Dünya tarihinde yaşanmış, günümüze kadar etkisi devam eden, insanlarda hala büyük bir hayranlık uyandıran birçok olayın belli bir güne hapsedilmesi, “tarihte bugün” adıyla popüler yayınlarda kendine yer bulan bir anlayışı doğurmuştur. Oysa tarihî olgular büyük oranda belirli bir sürecin sonucudur. Çoğunun başlangıç noktasını saplamak oldukça zordur. Avrupa tarihinin dönüm noktalarından Rönesans da böyle olgulardan biridir. Rönesans, -Fransızca Renaissance veya İtalyanca Rinascimento– yeniden doğuşu ifade etmektedir. Peki tam olarak neyin yeniden doğuşudur bu Rönesans? Tarihçilere göre Rönesans kısaca Antik Grek ve Roma kültürünün Orta Çağ İtalyasında yeniden canlanmasıdır. 14. yüzyıldan başlayarak 17. yüzyıla uzanan, resim, heykel, edebiyat ve daha birçok sanat dalında yaşanan gelişmelere işaret eden bir dönemdir. Tabii ki bu kısa tanım, ne bugüne kadar ortaya konulan Rönesans literatürünü ne de dönemin gerçeklerini açıklamaya muktedirdir.
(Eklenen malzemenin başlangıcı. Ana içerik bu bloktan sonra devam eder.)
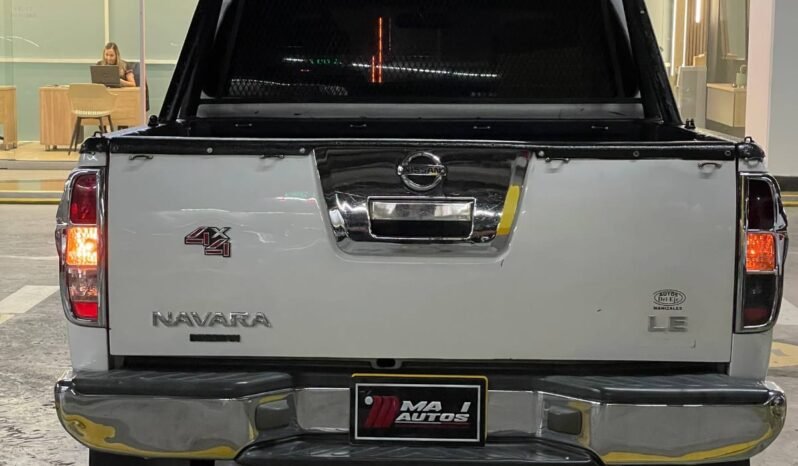 
								NISSAN NAVARA TURBO 4X4 2.5 AT full									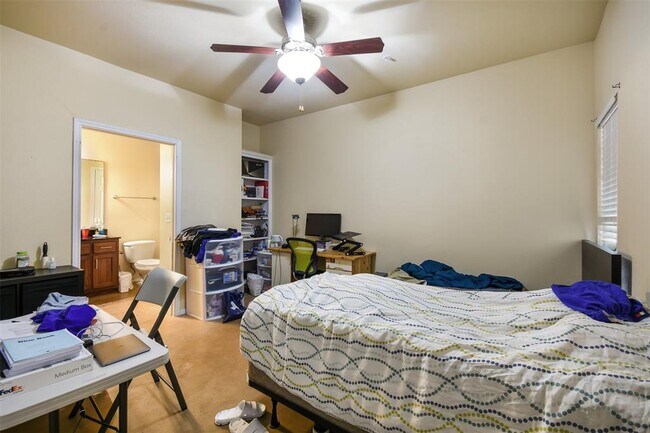 Photo - 910 W 25th St Unit 503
Peki, eleştirel bir bakış açısıyla yaklaşıldığında, Rönesans “yılları” ve hatta “yüzyılları” diye bir dönemden bahsetmek gerçekten mümkün müdür? Birçok sanat dalında ve dahi günlük hayatta yaşanan gelişmelerin hepsi bir kapsamlı bir şemsiye altında toplanabilir mi? Rönesans “döneminde” yaşayan sanatçıların bir sabah uyanıp, “Bugün öyle bir tablo yapacağım ki, yepyeni bir akım başlatacak!” dediğini hiç sanmıyorum. Tanımından da yola çıkarak, kapsadığı üç yüzyıllık periyod boyunca da hiçbir kimsenin “Ne de güzel bir Rönesans sabahı!” diye uyanmadığı da aşikar. Demek istediğim gerçekten Rönesans diye bir şey yaşandı mı?
Bu soruya verilebilecek en güzel cevap sanırım üç yüzyıllık dönemi işaret eden terimin 19. yüzyılın ortalarında önce Fransız tarihçi Jules Michelet daha sonra da meşhur Jacob Burckhardt tarafından kullanılmış ve bu şekilde yaygınlaşmıştır. Yani 19. yüzyıla kadar Rönesans tabiri kullanılmamıştır. Yanlış anlaşılmak istemem; Orta Çağ’da İtalya’nın birçok alanda gelişime sahne olduğu gerçeğini inkar etmiyorum. Da Vinci’nin icatlarını, Michelangelo’nun heykellerini, Dante’nin İlahi Komedya’sını görmezden gelemeyiz. Lakin, muğlak bir terimle koskoca üç yüz yılı anlatmak mümkün değildir diye düşünüyorum. Zaten bu muğlaklık içerisinde de bırakın başladığı günü, Rönesans’ın başladığı ayı hatta yılı bile söylemek mümkün değildir. Diyeceğim o ki, “tarihte bugün” köşelerinde Rönesans’a yer verilemez. Biraz daha eleştirel yaklaşacak olursak belki de Rönesans hiç başlamamıştır!